Depuis plus de deux décennies et demie, je suis le parcours de Nadia Kaabi-Linke, d’abord en tant qu’étudiante lors de sa maîtrise en arts plastiques à l’Institut supérieur des Beaux-Arts de Tunis, puis en tant qu’artiste multimédia conceptuelle. Elle fut mon étudiante en «Option complémentaire photographie» vers le milieu des années 90. Aussi osé-je dire qu’outre ses compromissions artistiques, elle est dotée de grande intelligence, d’hypersensibilité et d’engagement. Si à toutes ces qualités nous ajoutons l’amour d’autrui et celui du travail, nous voilà face à une créatrice accomplie.

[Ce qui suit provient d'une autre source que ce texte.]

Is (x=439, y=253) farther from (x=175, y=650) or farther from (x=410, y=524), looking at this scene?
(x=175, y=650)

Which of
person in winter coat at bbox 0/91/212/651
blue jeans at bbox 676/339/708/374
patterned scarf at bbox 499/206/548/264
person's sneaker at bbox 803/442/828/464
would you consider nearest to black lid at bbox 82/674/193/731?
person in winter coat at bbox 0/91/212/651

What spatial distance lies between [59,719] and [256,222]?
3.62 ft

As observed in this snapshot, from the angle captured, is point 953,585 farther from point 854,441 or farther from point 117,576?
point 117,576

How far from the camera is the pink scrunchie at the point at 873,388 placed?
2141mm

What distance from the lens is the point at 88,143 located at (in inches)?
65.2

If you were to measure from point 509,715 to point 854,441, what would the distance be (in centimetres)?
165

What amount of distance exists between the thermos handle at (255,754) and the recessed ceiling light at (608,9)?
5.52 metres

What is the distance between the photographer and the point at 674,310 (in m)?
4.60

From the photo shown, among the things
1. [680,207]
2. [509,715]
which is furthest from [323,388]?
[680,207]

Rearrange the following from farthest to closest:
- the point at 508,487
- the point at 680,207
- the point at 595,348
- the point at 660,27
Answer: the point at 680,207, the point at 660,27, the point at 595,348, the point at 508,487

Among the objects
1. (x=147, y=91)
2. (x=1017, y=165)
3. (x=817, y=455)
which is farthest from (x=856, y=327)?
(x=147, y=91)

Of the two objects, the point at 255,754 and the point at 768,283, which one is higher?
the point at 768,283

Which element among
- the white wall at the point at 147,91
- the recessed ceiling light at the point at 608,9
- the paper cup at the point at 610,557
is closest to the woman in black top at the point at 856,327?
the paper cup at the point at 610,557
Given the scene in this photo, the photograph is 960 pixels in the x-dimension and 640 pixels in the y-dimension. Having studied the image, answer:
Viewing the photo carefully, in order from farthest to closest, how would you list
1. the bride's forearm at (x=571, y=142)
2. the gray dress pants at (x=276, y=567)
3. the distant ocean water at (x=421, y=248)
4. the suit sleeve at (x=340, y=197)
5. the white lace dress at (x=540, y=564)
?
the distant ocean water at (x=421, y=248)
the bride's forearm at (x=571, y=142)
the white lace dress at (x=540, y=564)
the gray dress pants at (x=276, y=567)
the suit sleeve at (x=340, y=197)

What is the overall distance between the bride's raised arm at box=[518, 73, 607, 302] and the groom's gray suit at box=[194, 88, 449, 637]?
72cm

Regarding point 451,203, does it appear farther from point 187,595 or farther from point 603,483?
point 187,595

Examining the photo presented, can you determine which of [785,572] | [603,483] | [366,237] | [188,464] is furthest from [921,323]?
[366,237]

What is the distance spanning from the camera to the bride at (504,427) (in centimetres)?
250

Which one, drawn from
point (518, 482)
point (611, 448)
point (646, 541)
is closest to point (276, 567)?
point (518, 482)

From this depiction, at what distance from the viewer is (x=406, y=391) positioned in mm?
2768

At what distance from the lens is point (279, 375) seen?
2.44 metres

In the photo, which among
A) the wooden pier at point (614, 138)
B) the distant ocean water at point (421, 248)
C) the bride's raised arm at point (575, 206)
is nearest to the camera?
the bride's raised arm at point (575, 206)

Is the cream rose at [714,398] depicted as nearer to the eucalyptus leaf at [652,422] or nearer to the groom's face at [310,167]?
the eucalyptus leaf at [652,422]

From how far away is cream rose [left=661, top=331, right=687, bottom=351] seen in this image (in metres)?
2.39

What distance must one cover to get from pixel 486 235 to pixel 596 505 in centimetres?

Dans l’installation nommée «My Blood» (Mon Sang), 2023, l’artiste tuniso-ukrainienne Nadia Kaabi-Linke a puisé de son propre corps pour peindre avec son sang ce symbole de la résistance d’un peuple qu’est le keffieh (couvre-chef traditionnel porté par les hommes du Moyen-Orient). De part et d’autre de cette aquarelle sont disposées de petites pierres de couleur grisâtre. À travers cet acte artistique, l’artiste traduit sa contestation et réclame l’arrêt du déversement du sang d’un peuple colonisé et soumis à un génocide.

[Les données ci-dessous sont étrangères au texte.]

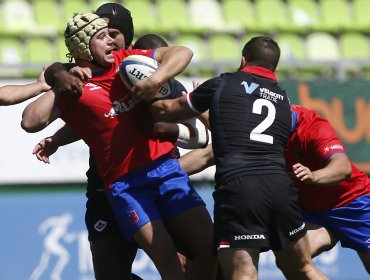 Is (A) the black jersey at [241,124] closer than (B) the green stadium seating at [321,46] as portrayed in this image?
Yes

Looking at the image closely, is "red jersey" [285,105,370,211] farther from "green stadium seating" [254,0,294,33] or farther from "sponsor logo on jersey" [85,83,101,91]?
"green stadium seating" [254,0,294,33]

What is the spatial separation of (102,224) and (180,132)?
900 millimetres

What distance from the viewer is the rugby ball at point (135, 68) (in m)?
5.84

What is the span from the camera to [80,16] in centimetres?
610

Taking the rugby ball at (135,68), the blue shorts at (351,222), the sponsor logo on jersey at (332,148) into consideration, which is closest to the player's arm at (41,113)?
the rugby ball at (135,68)

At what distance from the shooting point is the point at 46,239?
10.4m

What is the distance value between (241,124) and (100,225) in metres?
1.32

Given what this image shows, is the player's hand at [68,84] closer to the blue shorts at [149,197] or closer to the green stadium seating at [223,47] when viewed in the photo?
the blue shorts at [149,197]

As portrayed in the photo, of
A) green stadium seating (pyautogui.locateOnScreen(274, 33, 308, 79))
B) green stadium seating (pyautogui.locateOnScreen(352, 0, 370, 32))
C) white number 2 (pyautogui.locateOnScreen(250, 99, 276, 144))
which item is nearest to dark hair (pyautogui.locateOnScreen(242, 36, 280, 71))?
white number 2 (pyautogui.locateOnScreen(250, 99, 276, 144))

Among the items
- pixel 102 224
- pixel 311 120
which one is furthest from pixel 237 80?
pixel 102 224

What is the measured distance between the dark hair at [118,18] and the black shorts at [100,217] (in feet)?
3.51

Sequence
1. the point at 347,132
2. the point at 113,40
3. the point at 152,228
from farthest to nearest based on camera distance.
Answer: the point at 347,132, the point at 113,40, the point at 152,228

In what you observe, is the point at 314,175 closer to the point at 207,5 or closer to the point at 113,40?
the point at 113,40

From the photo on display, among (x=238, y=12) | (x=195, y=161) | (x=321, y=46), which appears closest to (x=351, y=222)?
(x=195, y=161) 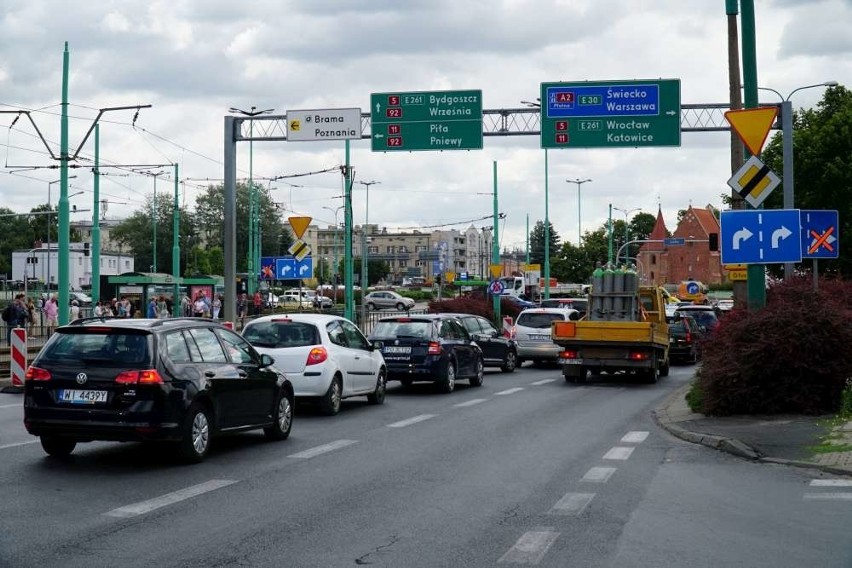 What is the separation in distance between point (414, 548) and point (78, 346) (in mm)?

La fameuse écharpe blanche et noire ou blanche et rouge, connue pour être portée par les combattants, est tramée sur toute sa surface du motif de feuille d’olivier d’un côté et du filet de pêche de l’autre, entre lesquels sont tracées deux lignes parallèles symbolisant un chemin. En imprégnant le papier dessin, le keffieh va au-delà de cet accessoire symbolique, car il devient le prolongement de son corps. De même, le sang du corps de l’artiste fait métaphoriquement corps avec le support en papier dessin.

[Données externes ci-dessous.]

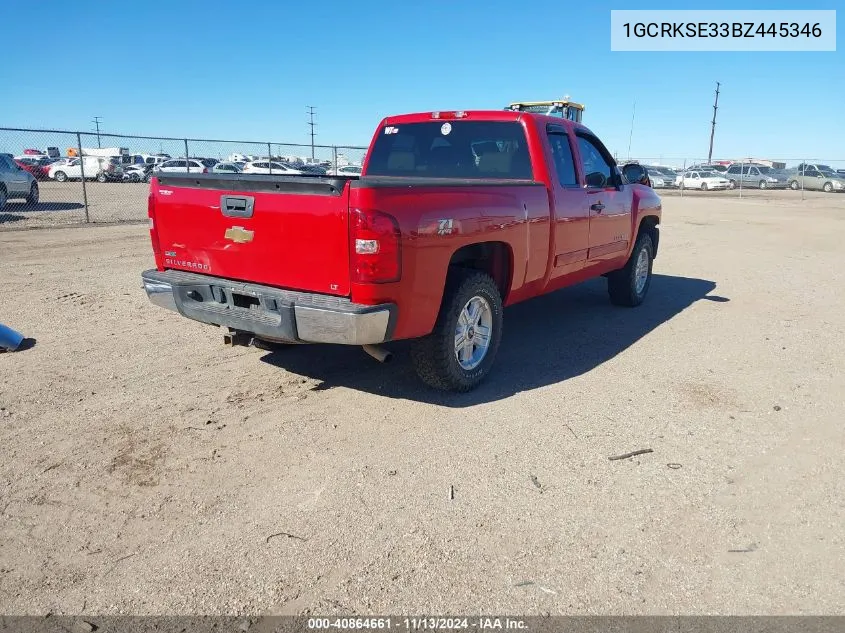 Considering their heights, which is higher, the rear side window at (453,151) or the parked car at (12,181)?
the rear side window at (453,151)

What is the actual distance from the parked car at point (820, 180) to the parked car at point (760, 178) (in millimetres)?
1238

De ce fait, avec Nadia Kaabi-Linke, l’engagement n’a pas besoin de discours, il est un fait et un acte dont le matériau sang s’ancre dans la chair du papier peint. Une part du corps de l’artiste s’implante dans le corps de l’œuvre, fait corps avec elle pour ne former qu’une seule et même entité, d’où leur transformation en valeur d’engagement esthétique.
Comme pour le minerai du charbon, le café, le sel, les épines végétales, la pierre, le plomb de carabine, Nadia Kaabi-Linke étale à notre appréhension la matière même de la problématique posée. Nous comprenons qu’à travers cette présence concrète de la texture, du grain, de la couleur et de son pouvoir symbolique et énergétique, le message de l’artiste est transmis. Évidemment, la matière s’exprime à travers une fréquence vibratoire et une aura qu’aucun autre moyen ne peut mieux fournir. Cet emploi ingénieux de la matière corporelle ou naturelle est ainsi transformé en valeur sémiologique et esthétique.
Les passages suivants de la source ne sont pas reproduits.